Propane prices have been lowering recently and that is great thing for propane retailers and their customers. It will probably come as a surprise that propane has become a more expensive Btu over the summer, relatively speaking.
The chart above shows propane’s relative value to West Texas Intermediate (WTI) crude. The chart plots a percentage relationship between the value of WTI crude and Mont Belvieu propane. Through much of the summer and fall of 2015 (blue line), propane set new five-year low relative values to WTI crude. In June of last year, Mont Belvieu propane fell to just 25 percent of WTI crude. Keep in mind that before the shale gas revolution, propane traditionally traded around 75 percent of WTI crude.
However, throughout almost all of 2016, propane has traded above last year, near the five-year average relative value to crude. Propane’s relative value took a hit in the third quarter as propane exports dropped. In fact, values came near where they were in 2015.
Relative value started rising at the beginning of the fourth quarter with the help of crop drying and improving exports. A drop in crude prices starting in mid-October that propane lagged helped push relative value above the five-year average. However, the relative value has been falling sharply in recent days as the drop in crude prices slows. Even as crude’s downtrend slowed, propane’s prices kept falling as a lack of winter weather maintained a bearish undercurrent in propane markets.

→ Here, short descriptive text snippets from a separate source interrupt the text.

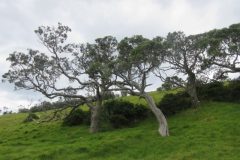 Wandelen rond Mimiwhangata
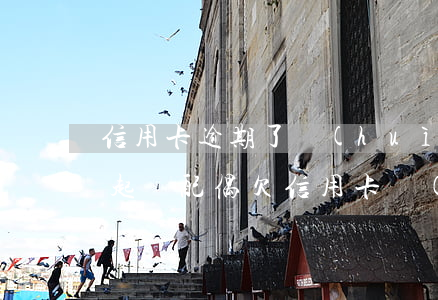 信用卡逾期了會(huì)不會(huì)起訴配偶(欠信用卡會(huì)連累配偶子女嗎)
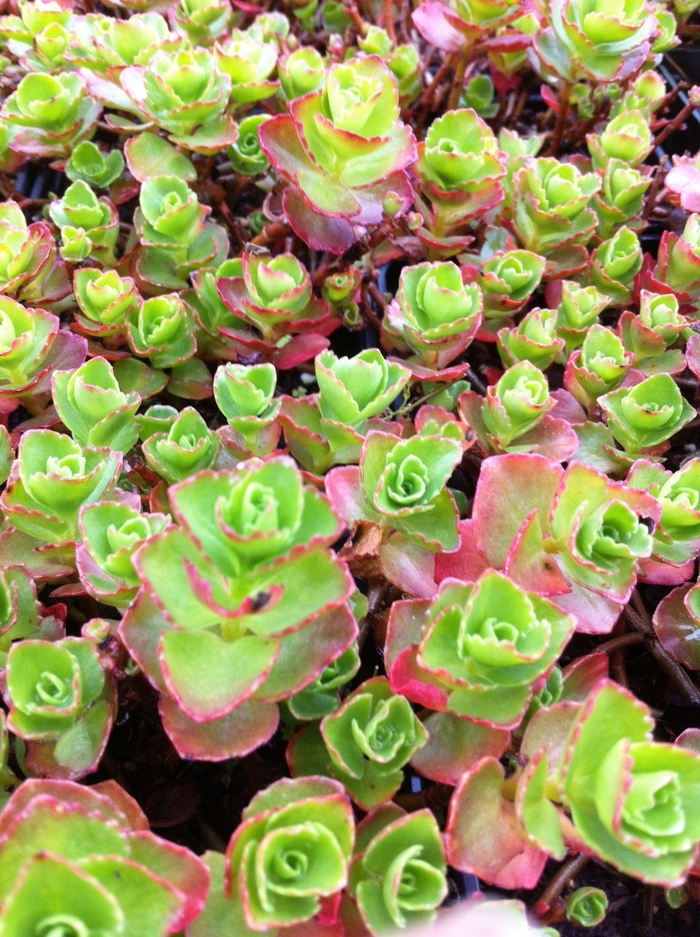 'Dragon's Blood' - Sedum spurium from EC Browns Nursery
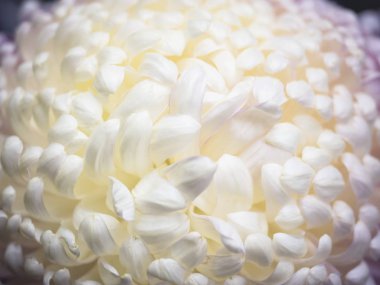 Beyaz çiçek çiçek çiçek doğa arka plan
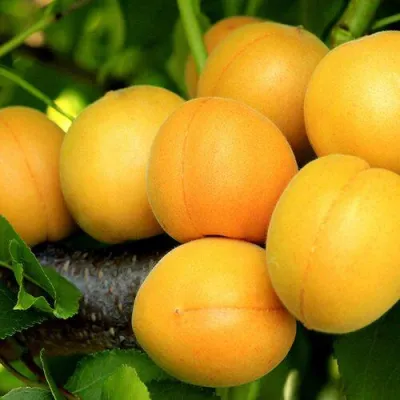 Абрикос ЦАРСКИЙ в Набережных Челнах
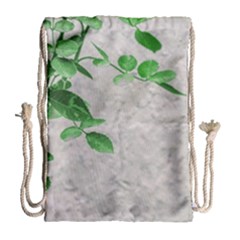 Plants Over Wall Drawstring Bag (large) by dflcprints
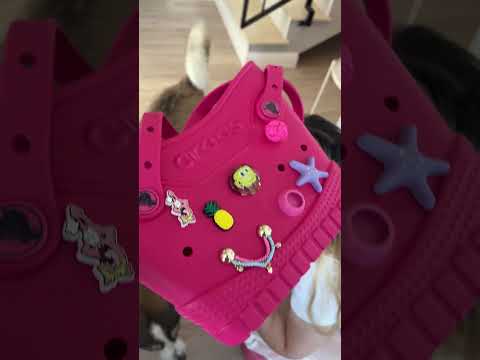 CUM SA II PUI CROCS LA CAINE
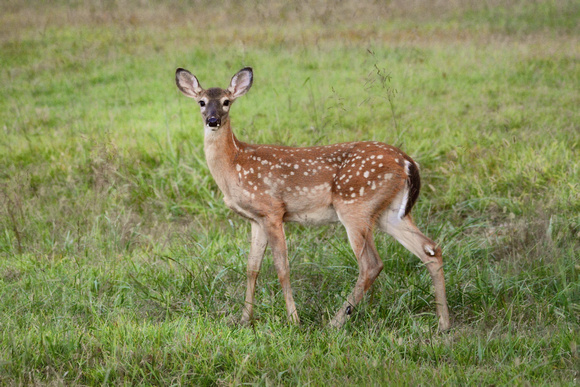Little Spotted Fawn - White Tailed Deer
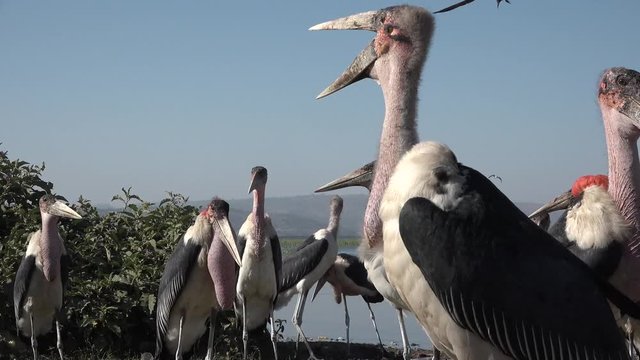 The African Marabou (Latin Leptoptilos crumeniferus) is a bird from the family of stork, its largest representative. .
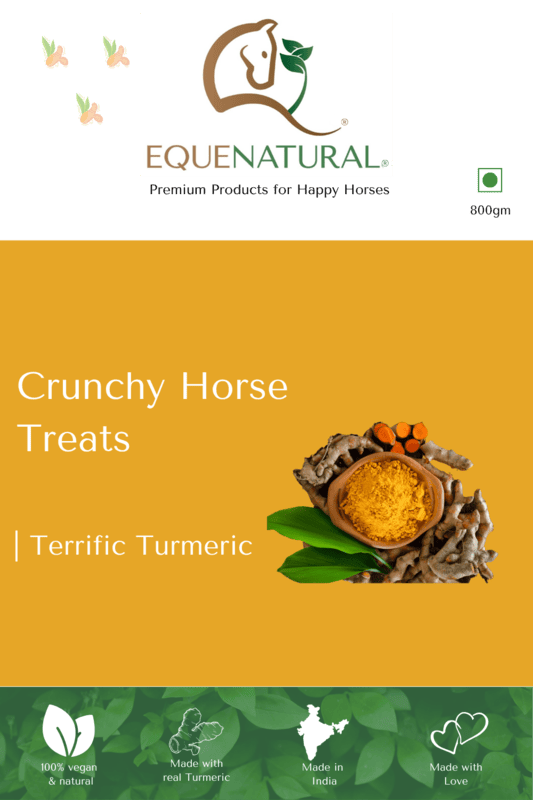 Equenatural Crunchy Horse Treats - Terrific Turmeric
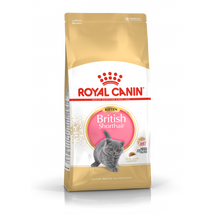 Royal Canin British Shorthair Kitten fajtatáp 400g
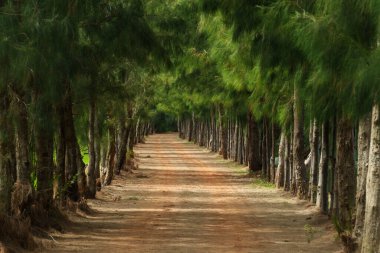 Çam ağaçları ve patikalar arasındaki çakıl yolu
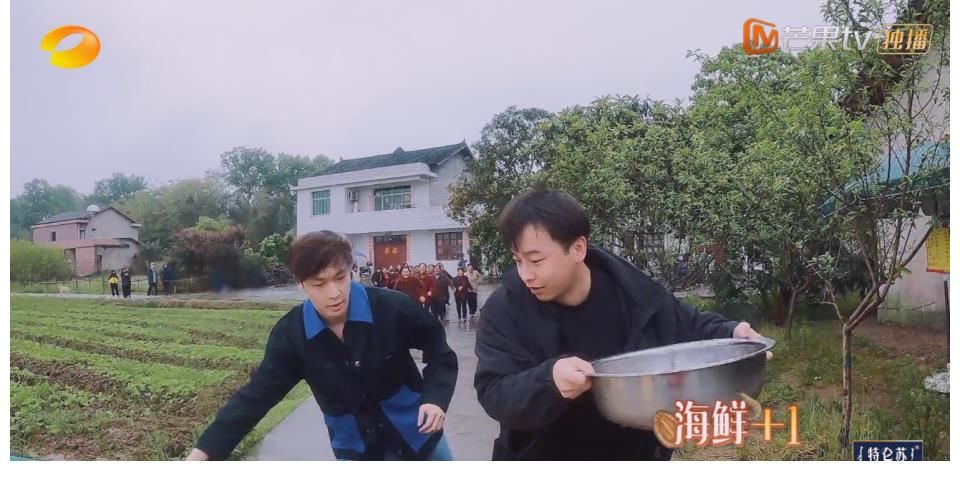 大妈们|《向往5》抢食材名场面：陈赫吆喝，李诞捡漏，只有他俩才是真拼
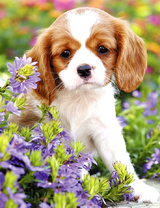 Милый щенок среди летних цветов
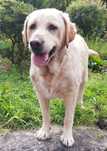 Adoçao de labradora adoravel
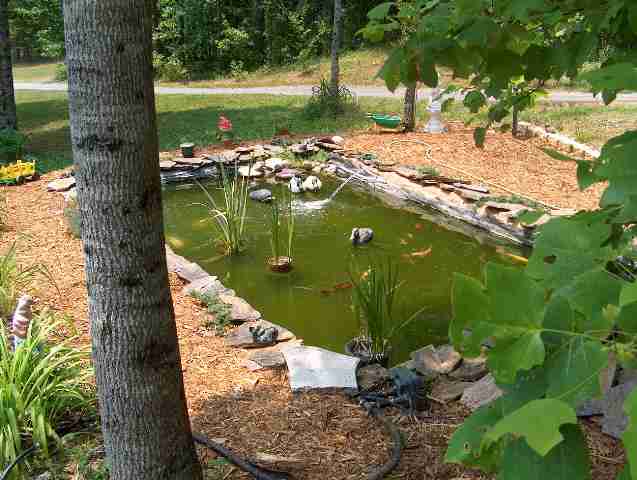 237 Turkey Run Pickens, SC 29671 - Photo 8 of 8 Gallery Image 8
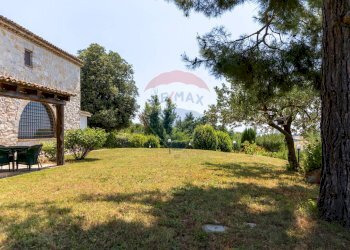 Giardino - Villa Sirolo - foto 23
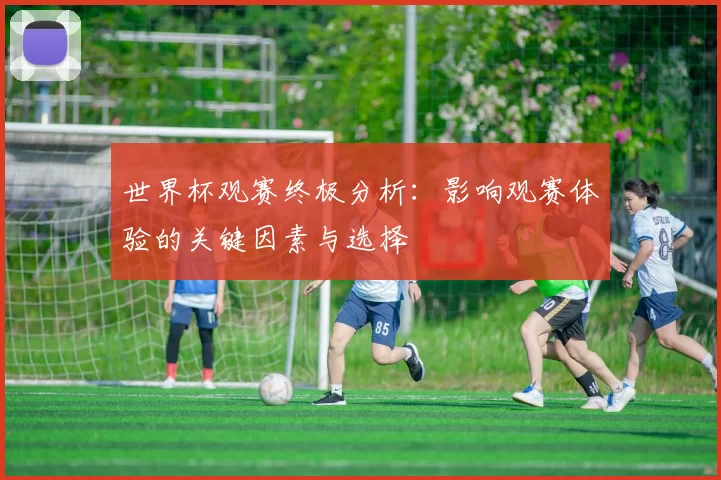 世界杯观赛终极分析:影响观赛体验的关键因素与选择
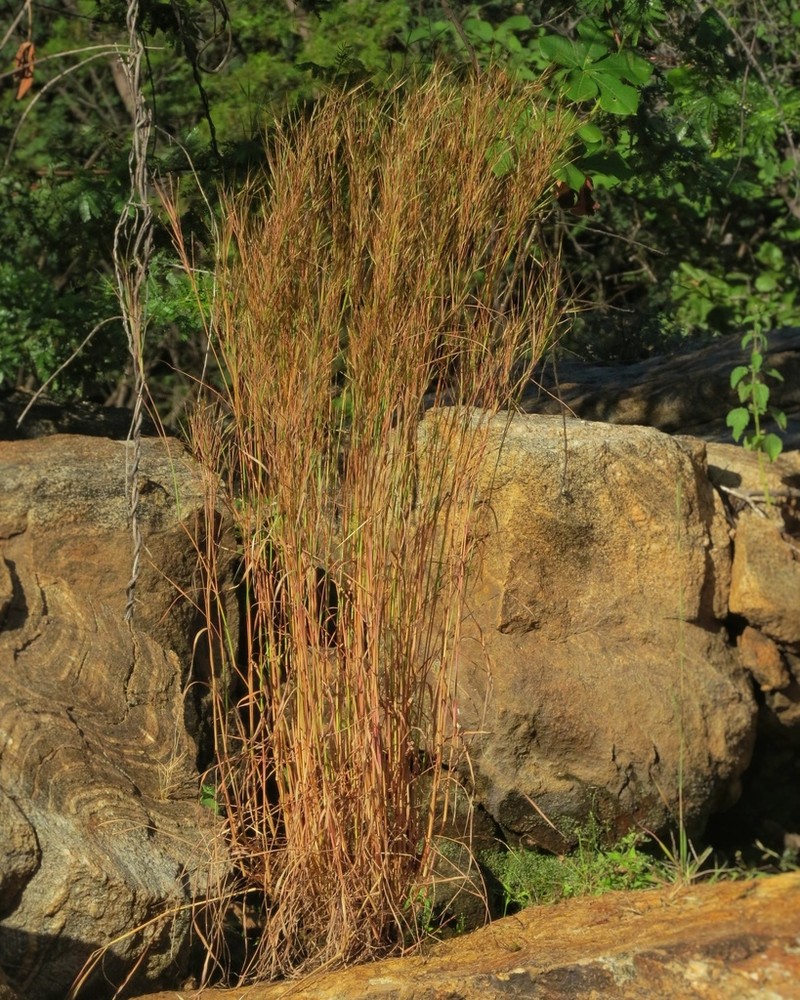 Andropogon angustatus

Propane has improved in relative value, thus becoming a more expensive Btu since last year, primarily on the increase in export capacity in the United States. It is not coincidental that propane started becoming a more expensive Btu after last December when Enterprise finished a major expansion of its propane export facility. Essentially, all the new export capacity has eliminated a bottleneck for propane, allowing its value to more accurately reflect the global market for propane.
More export capacity has been added this year. Another 150,000 barrels per day of capacity has been completed, which is a little more than the rate of increase in U.S. propane production. For the longest time, U.S. propane production was way out ahead of infrastructure projects to handle it, but that is no longer the case. If the world needs U.S. propane, the export capacity is available to fulfill the demand.